5 June 2015 The prime minister Tony Abbott has been asked to launch an inquiry into the controversial acquisition of Ayers Rock Resort amid claims new information has come to light.
The Indigenous Land Corporation has written to Abbott advising him it has new information warranting an inquiry into the $300m purchase made by the ILC in 2010. “The problem is the ILC paid too much and we borrowed too much,” CEO Michael Dillon told a Senate committee in Canberra on Friday. The corporation this week sent a 38-page letter to Abbott – bypassing Scullion –advising him of the new information that it believed warranted an inquiry. The letter outlines six alleged breaches of the law.
The resort runs at a profit, but $198m in loans must be repaid over the next two years, forcing the corporation to refinance. Because the resort is only valued at $225m, the corporation will have to inject $30m-35m in new cash.

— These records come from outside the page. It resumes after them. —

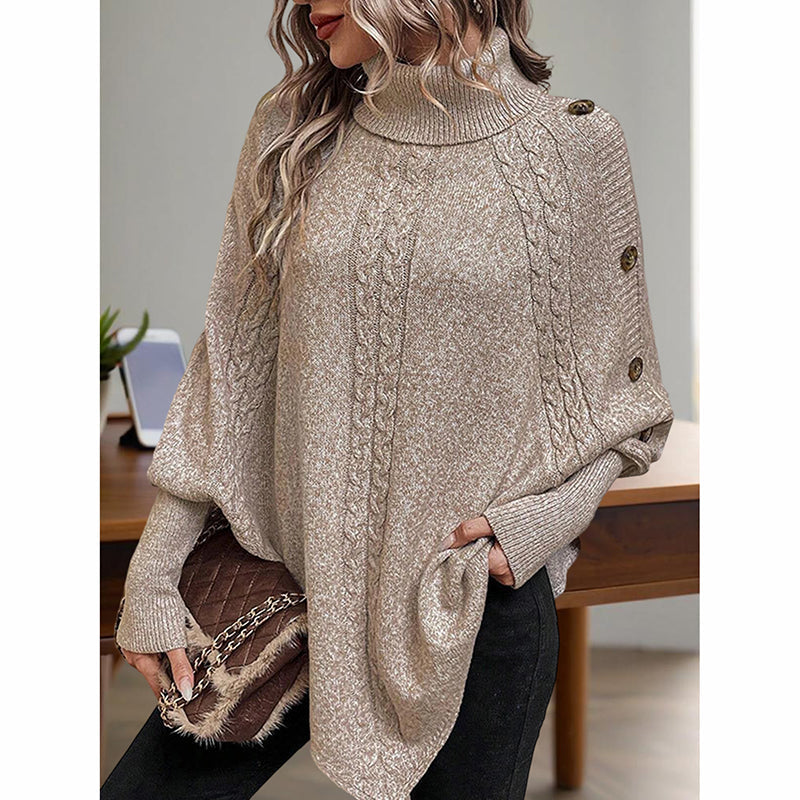 Women's Asymmetry Hem Turtleneck Sweater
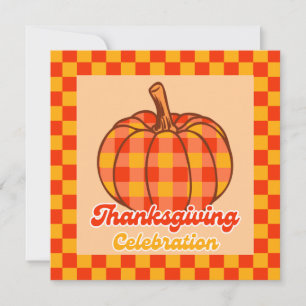 Retro Groovy Pumpkin Checkated Thanksgiving Inbjudningar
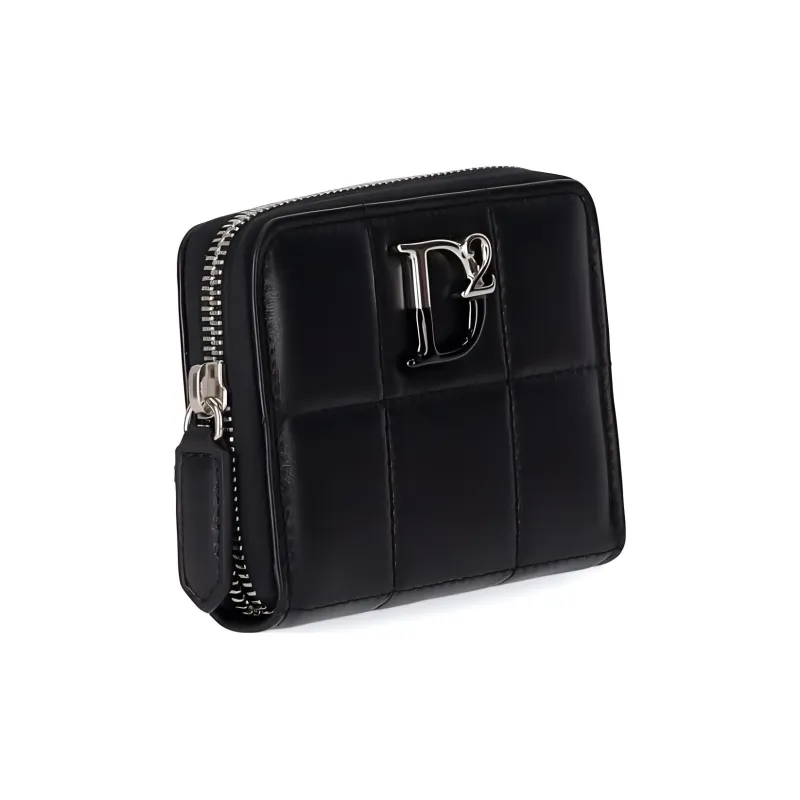 DSQUARED 2 Logo Plaque Zip Around Quilted Wallet-1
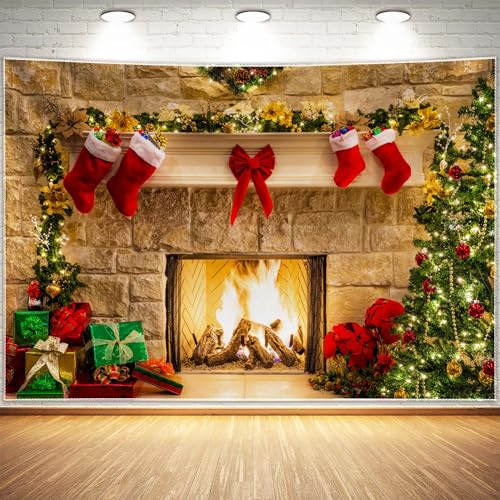 7x5ft Christmas Fireplace Theme Backdrop for Photography Tree Sock Decorations for Xmas Party Supplies Photo Background Pictures Banner Studio Decor Booth Props - size: 7ft by 5ft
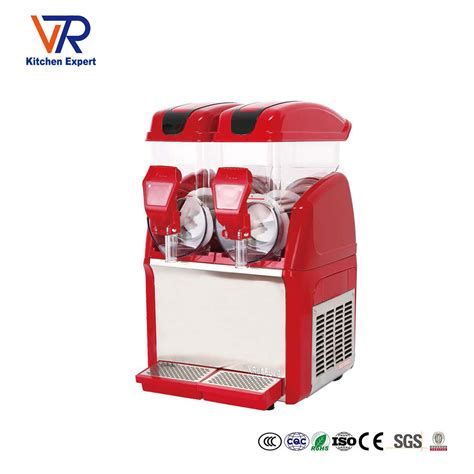 Red Beverage Server Commercial Double Tanks Juice Dispenser Cold Drink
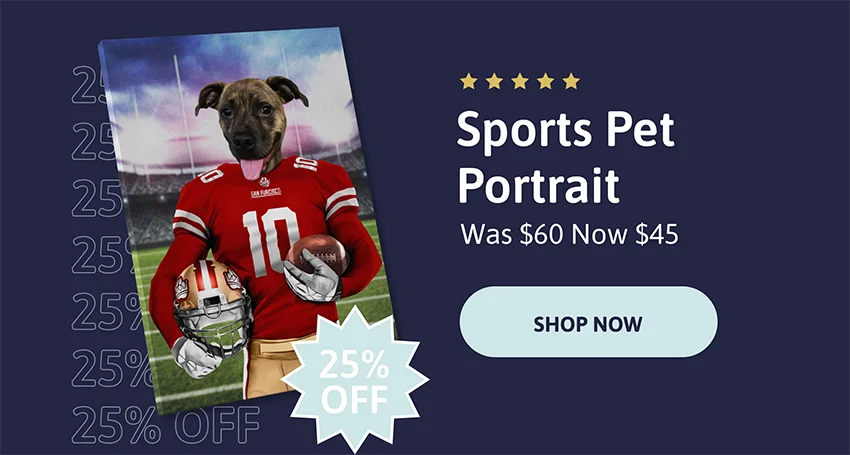 Sports Pet Portrait. Was $60. Now $45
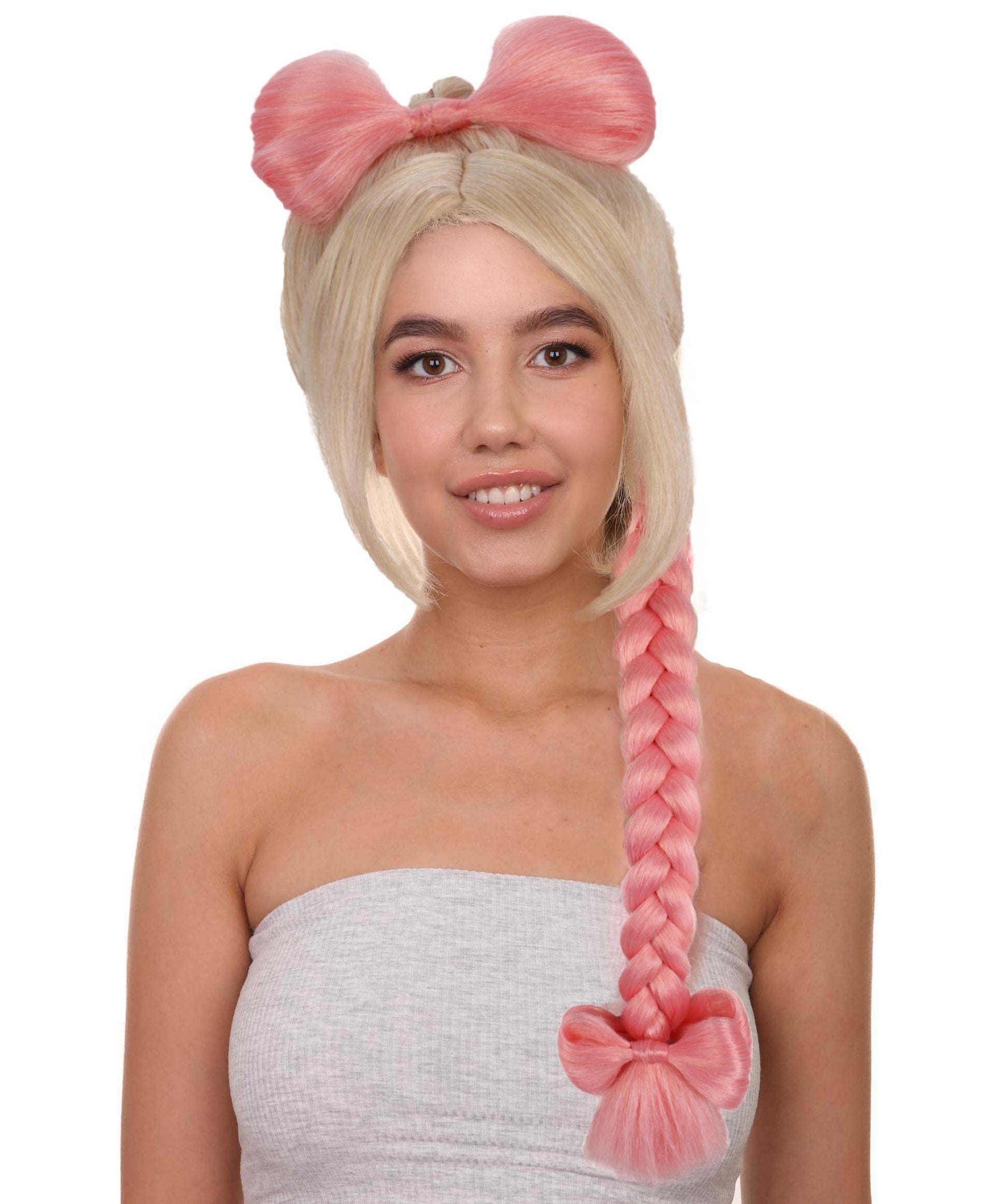 女性用 H-5847 ピンクとブロンド ソミ ブレイデッド ポニーテール ウィッグ ハロウィンに最適 難燃性合成繊維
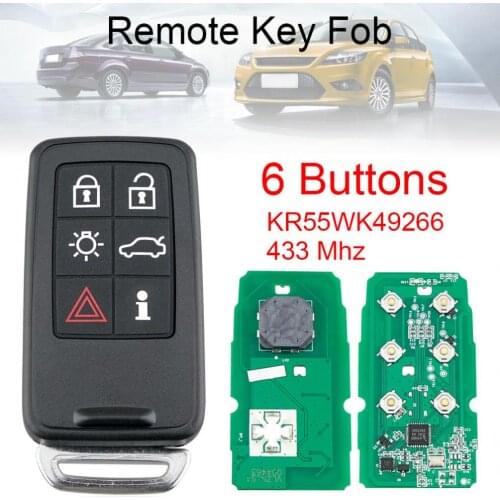 6 Buttons 433MHz Full Smart Remote Key Fob with ID46 /7953 Chip and Insert Key Blade KR55WK49266 Fit for Volvo Smart Key Prox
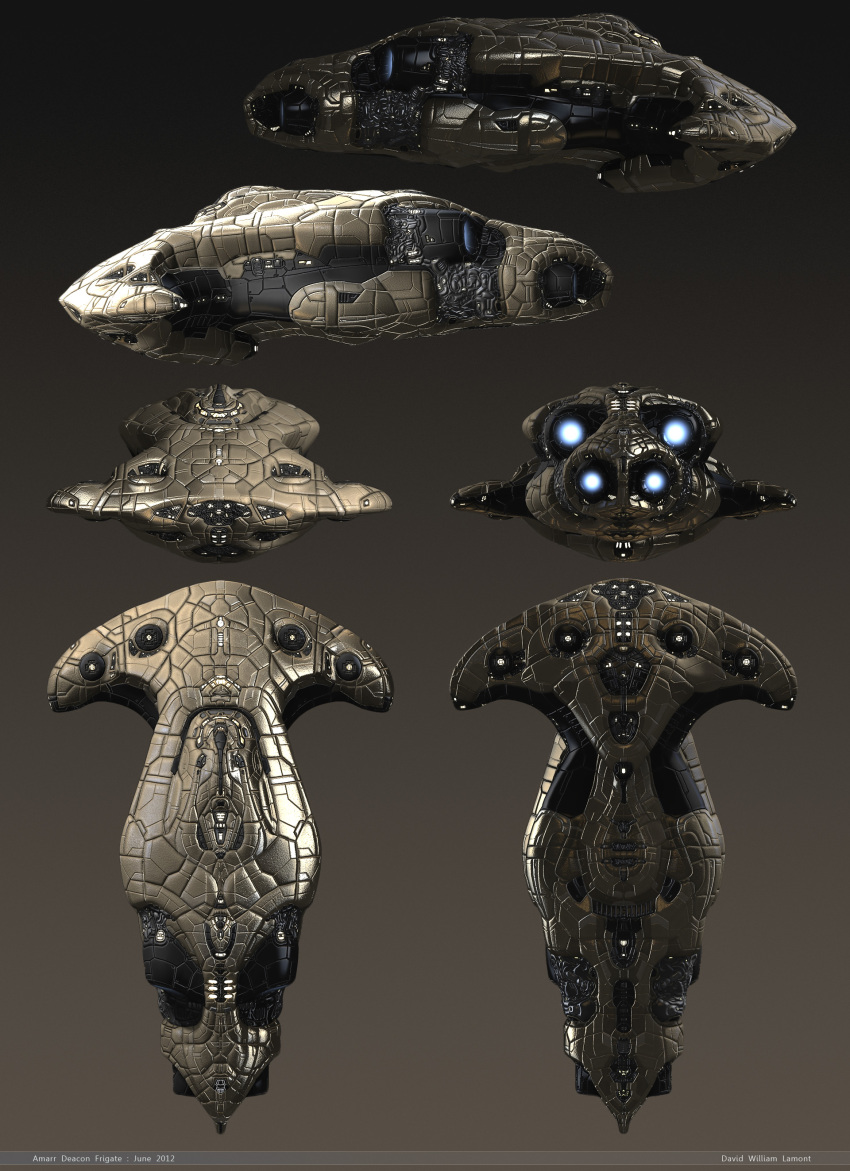3d, absurdres, amarr_empire_(eve_online), artist_name, brown_background, brown_theme, combat_ship_(eve_online), commentary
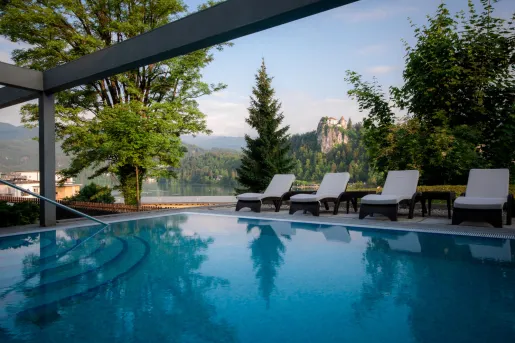 Outdoor pool with a view of the forest in the back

More information in The Guardian and The Australian
Comment by Wake Up Time: In Wake Up Time an investigation into the financial mismanagement was revealed in June 2014. Now, one year later, finally something is happening. It is time for a thorough investigation.

Secretive ‘Centrecorps’ owns many millions without real benefit

29 May 2015 Aboriginal assets in Alice Springs, through “principal investments,” as declared by Centrecorp on its website, are the Peter Kittle Motor Company [1] which also has a major presence in South Australia; Yeperenye Shopping Centre [2]; L J Hooker [3]; Milner Road Foodtown [not shown]; Chifley Resort [4]; Memorial Club [5] property; and properties at 75 and 82 Hartley Street [6].
Assetts influence our retirement rights, but that does nbot apply to Aboriginal land. The main reason is that land is not used to generate income. As editor Chlanda of the Alice Springs News writes: “Because all that would require work. Ah, that four-letter word”.
The secretive Centrecorp Aboriginal Investment Corporation Pty Ltd has minimal public disclosure obligations. An assett test is almost impossible. Two organisations, also extensively described in Wake Up Time, Kurra and the Granites Mine Affected Areas Aboriginal Corporation own funds of about $ 70 million. They rely on Centrecorp for its investment decisions.
It is time to open up the financials of these organisations and make the system as transparent as any other organisation.
Comment by Wake Up Time: Good job, Edwin Chlanda. The lack of work on these vast lands is at least partly caused by the Traditional Owners themselves. It is time to open up this injust financial network, especially for the people living in poor conditions in the Aboriginal towns.”